Velha Guarda da Portela – Parque da Redenção – Porto Alegre/RS (28/11/2014)




A Velha Guarda no palco da Redenção
(foto; Tita Strapazzon)
Corri pra ver, pra ver quem era/
Chegando lá era a Portela”.

Como são essas coisas da vida, né? Leocádia e eu não pudemos comparecer ao show do guitarrista Stanley Jordan, no Canoas Jazz Festival, o qual eu mesmo havia anunciado aqui no Clyblog como me sendo imperdível. Porém, um dia antes, tivemos a oportunidade de assistir a outro show de total arrebatamento. Pois mesmo sabendo em cima do laço, fomos. Coincidentemente antecipando a semana em que se comemora o Dia Nacional do Samba (2/12), o mais autêntico dos ritmos brasileiros pôs os dois pés em Porto Alegre. Em celebração aos 80 anos de Universidade Federal do Rio Grande do Sul (UFRGS), a Velha Guarda da Portela foi convidada para uma apresentação gratuita no Parque da Redenção.

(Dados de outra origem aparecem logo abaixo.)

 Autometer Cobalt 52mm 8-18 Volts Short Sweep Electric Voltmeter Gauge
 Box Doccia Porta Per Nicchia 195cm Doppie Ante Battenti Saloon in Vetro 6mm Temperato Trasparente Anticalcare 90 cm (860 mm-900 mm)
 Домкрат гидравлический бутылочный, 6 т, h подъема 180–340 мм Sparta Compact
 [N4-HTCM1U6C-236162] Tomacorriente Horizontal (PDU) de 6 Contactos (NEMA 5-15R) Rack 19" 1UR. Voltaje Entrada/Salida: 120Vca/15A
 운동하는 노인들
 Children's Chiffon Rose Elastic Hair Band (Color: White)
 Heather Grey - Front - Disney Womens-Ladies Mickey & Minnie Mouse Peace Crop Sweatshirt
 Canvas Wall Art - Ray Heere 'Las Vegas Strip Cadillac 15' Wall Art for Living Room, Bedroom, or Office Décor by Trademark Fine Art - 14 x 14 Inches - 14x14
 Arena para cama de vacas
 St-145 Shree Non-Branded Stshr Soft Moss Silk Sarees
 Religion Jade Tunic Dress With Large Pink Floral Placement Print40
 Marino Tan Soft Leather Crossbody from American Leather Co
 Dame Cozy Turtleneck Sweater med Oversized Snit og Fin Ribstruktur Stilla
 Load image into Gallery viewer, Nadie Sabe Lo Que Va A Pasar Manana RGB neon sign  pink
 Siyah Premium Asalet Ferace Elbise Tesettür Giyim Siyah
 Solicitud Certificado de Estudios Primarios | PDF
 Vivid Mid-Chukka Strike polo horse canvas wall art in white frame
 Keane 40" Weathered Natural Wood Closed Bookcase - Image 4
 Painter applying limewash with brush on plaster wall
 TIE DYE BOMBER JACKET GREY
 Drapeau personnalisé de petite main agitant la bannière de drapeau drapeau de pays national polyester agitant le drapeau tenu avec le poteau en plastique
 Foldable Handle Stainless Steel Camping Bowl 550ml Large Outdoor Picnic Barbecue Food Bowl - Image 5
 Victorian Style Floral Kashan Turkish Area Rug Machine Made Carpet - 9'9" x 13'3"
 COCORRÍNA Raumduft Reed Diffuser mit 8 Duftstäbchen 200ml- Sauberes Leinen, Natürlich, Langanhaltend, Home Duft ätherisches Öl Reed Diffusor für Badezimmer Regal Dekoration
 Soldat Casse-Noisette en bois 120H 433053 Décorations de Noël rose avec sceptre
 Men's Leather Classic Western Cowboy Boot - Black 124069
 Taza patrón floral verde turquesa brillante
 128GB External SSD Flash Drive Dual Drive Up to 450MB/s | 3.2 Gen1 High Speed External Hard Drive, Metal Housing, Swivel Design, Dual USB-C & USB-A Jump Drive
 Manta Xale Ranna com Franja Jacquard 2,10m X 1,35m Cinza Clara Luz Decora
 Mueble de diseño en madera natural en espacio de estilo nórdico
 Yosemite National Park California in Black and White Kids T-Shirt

Um verdadeiro espetáculo, histórico na cidade, que me fez lembrar outro memorável ocorrido de 1996, quando o nobre portelense Paulinho da Viola tocou no mesmo local.

Mestre Monarco, aos 80 anos,
comandando o samba
(foto: Tita Strapazzon)
 Comandada pelo mestre Monarco (que também completou indizíveis 80 primaveras em 2014), a Velha Guarda da Portela agitou e emocionou, pondo pra sambar e cantar o grande público que esteve presente naquela noite ao ar livre. Sou apaixonado pelo conjunto desde os anos 90 quando, assistindo a um programa Ensaio, da TV Cultura, os descobri cantando junto com um de seus vários integrantes que já foram, Manacéa (o qual estava presente não só em sons como na pessoa de sua filha, Áurea Maria, uma das três pastoras do grupo). Fiquei tão maravilhado com o que vi que, guri afoito por registrar aquilo que gostava, pus um VHS para gravar o restinho de programa, que já havia começado. Bem fiz. Pude, com isso, conhecer, dentre algumas outras, pérolas como a tocante “Quantas lágrimas” (“Ah, quantas lágrimas eu tenho derramado/ Só em saber que não posso mais/ Reviver o meu passado...”) e o poup-pourriMau Procedimento/ Mulher ingrata/ Nega Danada”, ambas tocadas no show.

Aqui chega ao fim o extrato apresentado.